Published by World Tibet Network News - Wednesday, January 03, 1996
by Patrick E. Tyler - The New York Times
Bianyang, China
It was market day here, and a crowd was gathering around the Tibetan medicine man, who was trafficking in dreams and other illegal substances.
Like a mystical apparition on the side of the dusty main street, the medicine man's show was spontaneous and played to the crowd.
No one knows exactly where he came from or why he picked this town in southwestern China on this day to present himself as an itinerant sage of folk medicine. And most people stayed away from his siren voice because they believed he was just a scoundrel in a blue felt hat.
"Why should I tell you anything?" he said with a cocked eye to an inquiring visitor: "You haven't given me any liquor."
Market day is magic for millions of Chinese peasants who see civilization only three or four times a month when they pack their bundles and their hopes and head for town.

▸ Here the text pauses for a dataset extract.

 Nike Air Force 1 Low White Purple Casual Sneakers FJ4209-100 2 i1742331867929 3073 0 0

They stream out of the mountains on bike or on foot or in packed horse carts, cheerfully suffering the burdens of their rice bags, pork shanks or spinach heaps. They travel for hours along bumpy roads, some just hoping to make a successful purchase of a needed farm tool, a well-woven basket or a hand-fitted wooden water pail to balance on a shoulder pole.
Some time around midmorning in the centre of Bianyang, the largest town in the farming region of Mashan, all the streams from all points of the compass came together in a fulminating collision of commerce.

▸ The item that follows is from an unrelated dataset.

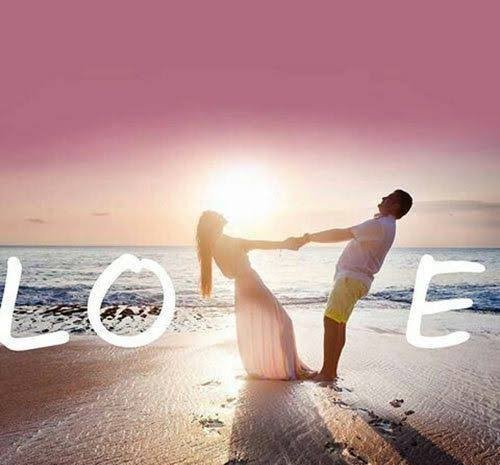  عکس عاشقانه دونفره لب ساحل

Against the pastiche of vegetable stalls, dry goods stores and sidewalk carts loaded with tubers and eggplant, the medicine man stood out as a rebel against the familiar.

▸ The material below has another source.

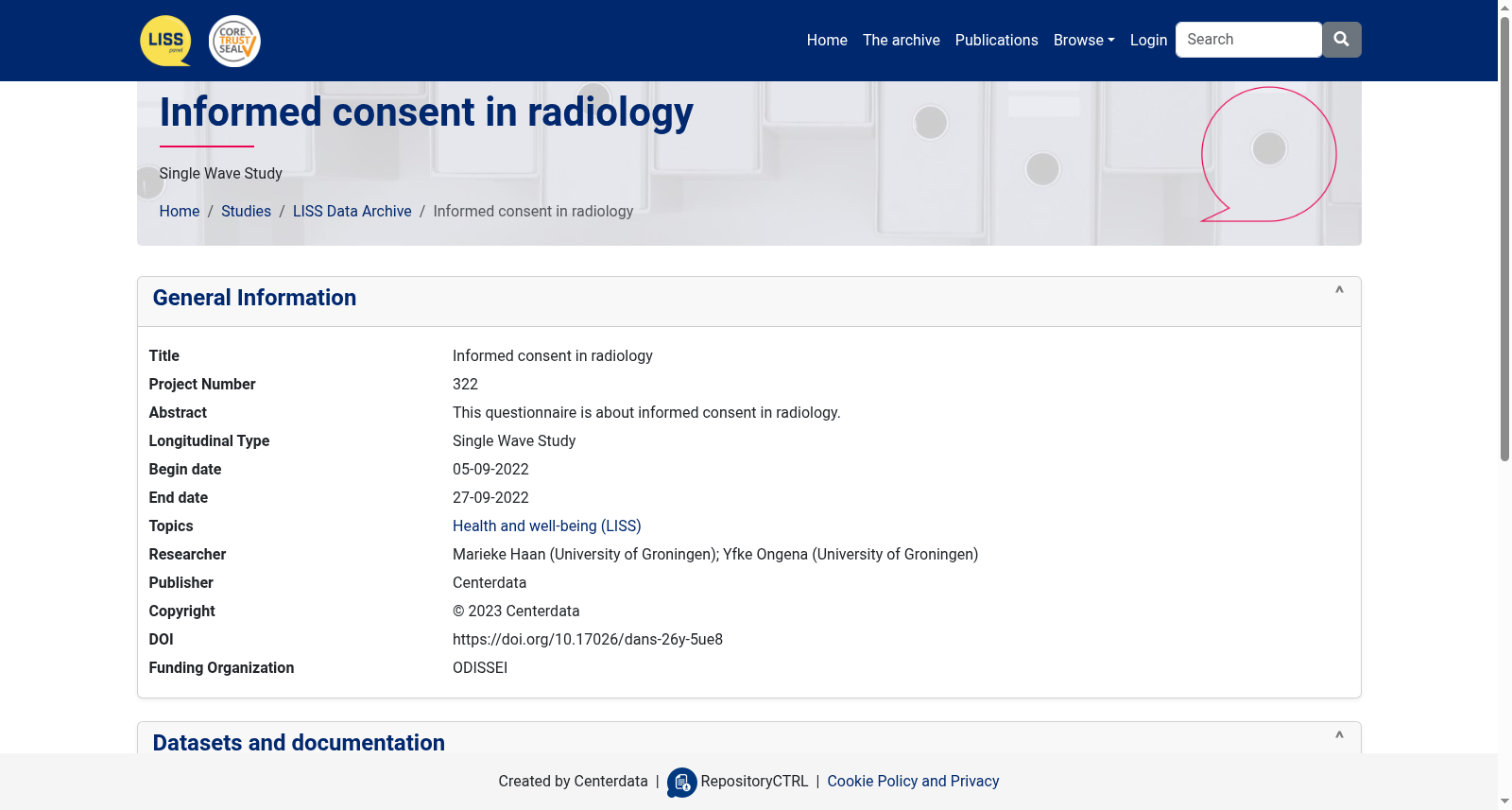 LISS panel - Informed consent in radiology 数据集图片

He regaled farmers just come down from the mountains with magic potions and elixirs, ever focused on cajoling a little money from their pockets.
His voice and accent were strange, and there was a gleam of mischief and larceny in his eye as he promised health and potency.
A throng of peasants pressed in where the medicine man was on his haunches, resplendent in his dark woolen coat with a bright red sash raked across the front. Small boys squirmed through the legs of the adults to get a glimpse and to listen to the medicine man's banter.
"Now you should put this in liquor and drink it every day." he said, wrapping up a small bundle of herbs and animal parts in a scrap of newspaper and handing it to a farmer, who gave the medicine man the equivalent of 75 cents.
"It is very good for your rheumatism," he added, "a very effective treatment as long as the bone is not swollen."
The medicine man displayed his wares on a red cloth laid on the ground before him. On porcelain saucers lay his herbal delights: red angel hair from a Tibetan flower, yellow sawdust from a medicinal tree. And in the centre of it all, the grizzled, amputated right foreleg of tiger and other equally grizzled parts of tiger anatomy valued by many as aphrodisiacs.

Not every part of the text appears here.